Di tengah semua kebuntuan ini, akankah Aceh segera menjadi lautan api? Tampaknya begitu. Menurut Kepala Pusat Penerangan TNI, Mayjor Jenderal Sjafrie Sjamsoeddin, pasukan TNI akan menggunakan operasi antiperang gerilya untuk menghantam GAM.
Pasukan sudah disiagakan. Selain pasukan yang tengah bertugas, akan dikirim 1.700 tentara tambahan ke Serambi Mekah secara bertahap. Mereka berasal dari Pasukan Khas Angkatan Udara, Marinir, Komando Pasukan Khusus, dan Kostrad. Pasukan elite itu telah berlatih sebulan di Batujajar, Jawa Barat.
Tapi Kepala Dinas Penerangan Umum Mabes TNI, Kolonel D.J. Nachrowi, membantah pasukan tambahan itu untuk menyerang Aceh. ”Mereka dikirim untuk rotasi dan penyegaran,” katanya kepada wartawan Tempo News Room D.A. Candraningrum. Tampaknya, Aceh akan dikepung dari darat, udara, dan laut.

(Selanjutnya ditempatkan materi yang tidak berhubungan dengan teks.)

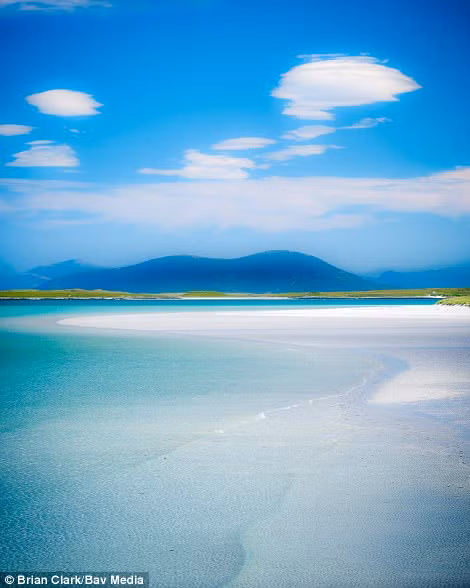 Bãi biển phía Bắc Scotland rất mượt mà và mang lại cảm giác thư giãn. Bãi biển phía Bắc Scotland rất mượt mà và mang lại cảm giác thư giãn.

Dari perairan, siap meluncur 11 kapal dan 1 bantuan tempur personel (BTP) Marinir. Jumlah personelnya lumayan gede, 3.200 orang. Selain dari Marinir, mereka berasal dari satuan tempur Amfibi, satuan elite Angkatan Laut Detasemen Jala Mangkara, kavaleri, dan infanteri. ”Hari ini kita disuruh berangkat, ya, kita berangkat,” kata Kepala Staf TNI Angkatan Laut Laksamana Bernard Kent Sondakh.
Padahal jalan militer belum tentu ampuh. Sepanjang Aceh dijadikan daerah operasi militer (1989-1998), GAM tak benar-benar bisa punah, meski gerakan itu terjepit. Tapi ekses pelanggaran hak asasi manusia sungguh memilukan. Dalam kasus Rumah Geudong, misalnya. Terungkap ada personel tentara yang menyekap dan memerkosa wanita Aceh di sebuah rumah adat dengan alasan mencari anggota GAM. Korban pemerkosaan itu ditemukan hamil, sedangkan sebagian lainnya mengalami trauma dan gila. Dalam kasus pembunuhan Teungku Bantaqiah, tentara membantai puluhan santri di sebuah pesantren ketika mencari ulama yang dituding menjadi anggota GAM.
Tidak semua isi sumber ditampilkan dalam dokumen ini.